On Tuesday, Lucas said he will not bring up a raw-water proposal at the April meeting. He said one of the trustees could still bring it up, but whether such an agreement is actually pursued will not be decided with him as mayor or by the current village board.
"It will fall to the new mayor to determine how we want to proceed," said Lucas, who is running for one of the trustee positions but not for mayor. Current Trustee Ray Cunningham, who voted in favor of the treated-water agreement, is running unopposed for mayor. Lucas and five others are running for three open trustee spots on the board.
In addition to Lucas, incumbents Roy Woodmansee, Larry Mingee and Kevin Knott are also candidates for the five trustee spots in addition to newcomers Billy Mitchell and Susan Forsyth. Forsyth has spoken against the proposed water agreements and the coal mine at Homer Village Board meetings.
Regardless the outcome of the April 9 election, it appears there's no way the village board will look the same.
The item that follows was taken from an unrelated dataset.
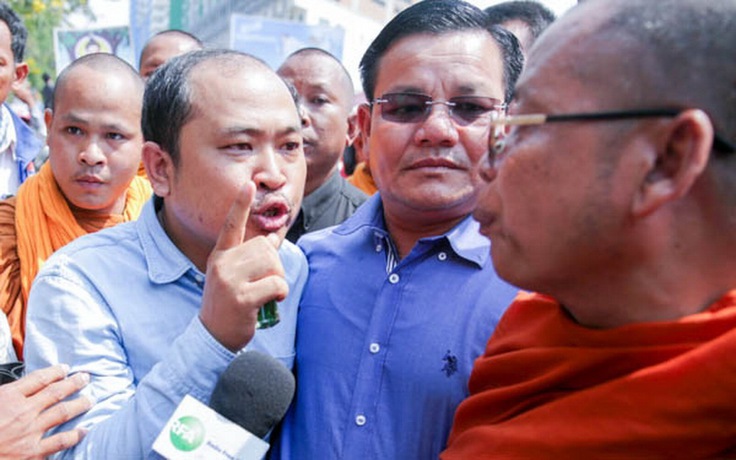 Người bị Thủ tướng Hun Sen kiện muốn đối chất trước tòa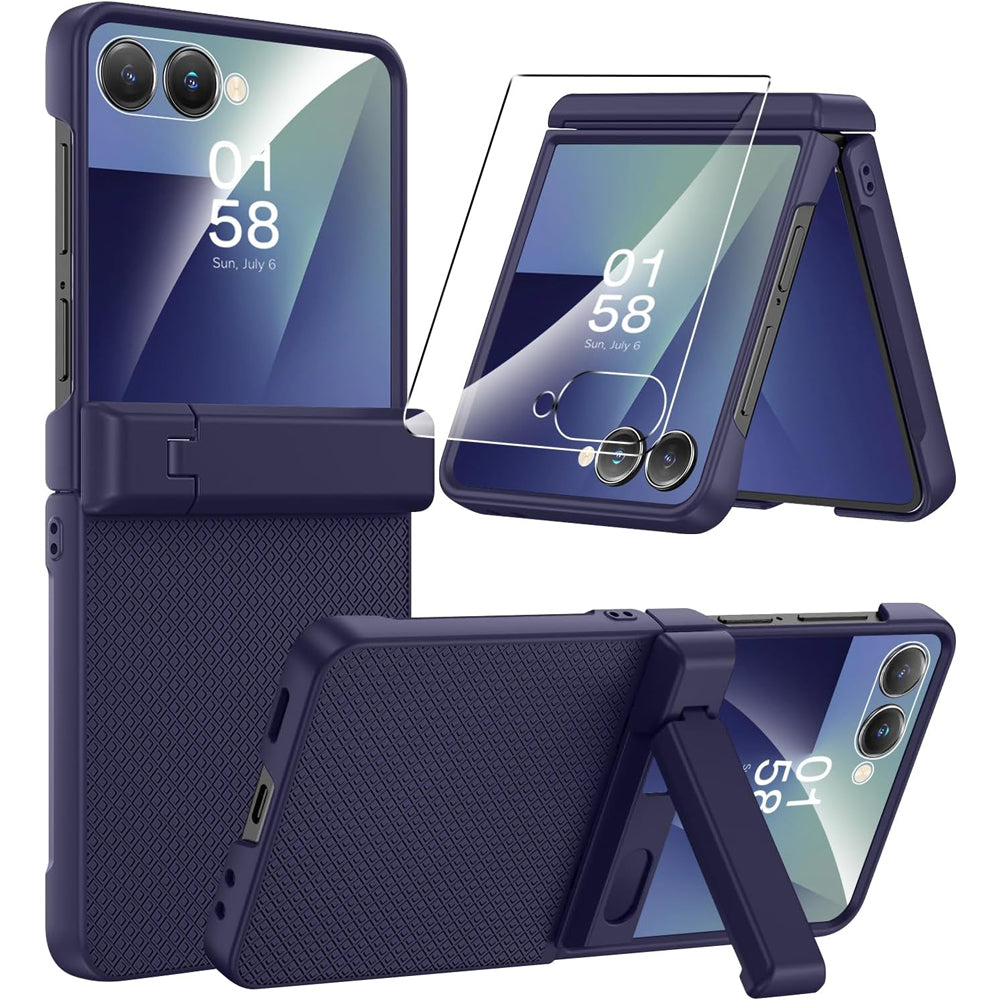 Hinge Protection Kickstand Case for Samsung Galaxy Z Flip 7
At the close of Monday night's village board meeting when the trustees voted 4-3 to sell Sunrise up to 20,000 gallons of day of treated water plus sewer services, Knott submitted his letter of resignation, effective immediately.
Knott, who had voted against the agreement with Sunrise, said he was fed up with everything around the process. Knott publicly criticized Lucas at Monday night's meeting for posting a statement on the village's website and Facebook, encouraging people to contact Knott and the other trustees who originally voted against the water contract, in an attempt to persuade them to change their votes.
One of the trustees, Mike Johnson, did just that, changing his no vote on Feb. 11 — when the proposed agreement with Sunrise was defeated — to a yes vote Monday night, and propelling the contract to a 4-3 passage, to the dismay of Knott and the two other trustees, Woodmansee and Guy James, who voted no and thought the issue was over.
Along with his resignation letter, Knott also submitted to the village clerk a statement that if he is elected April 9, he will immediately resign. Lucas said in that case, the new mayor would appoint someone to fill Knott's seat for two years.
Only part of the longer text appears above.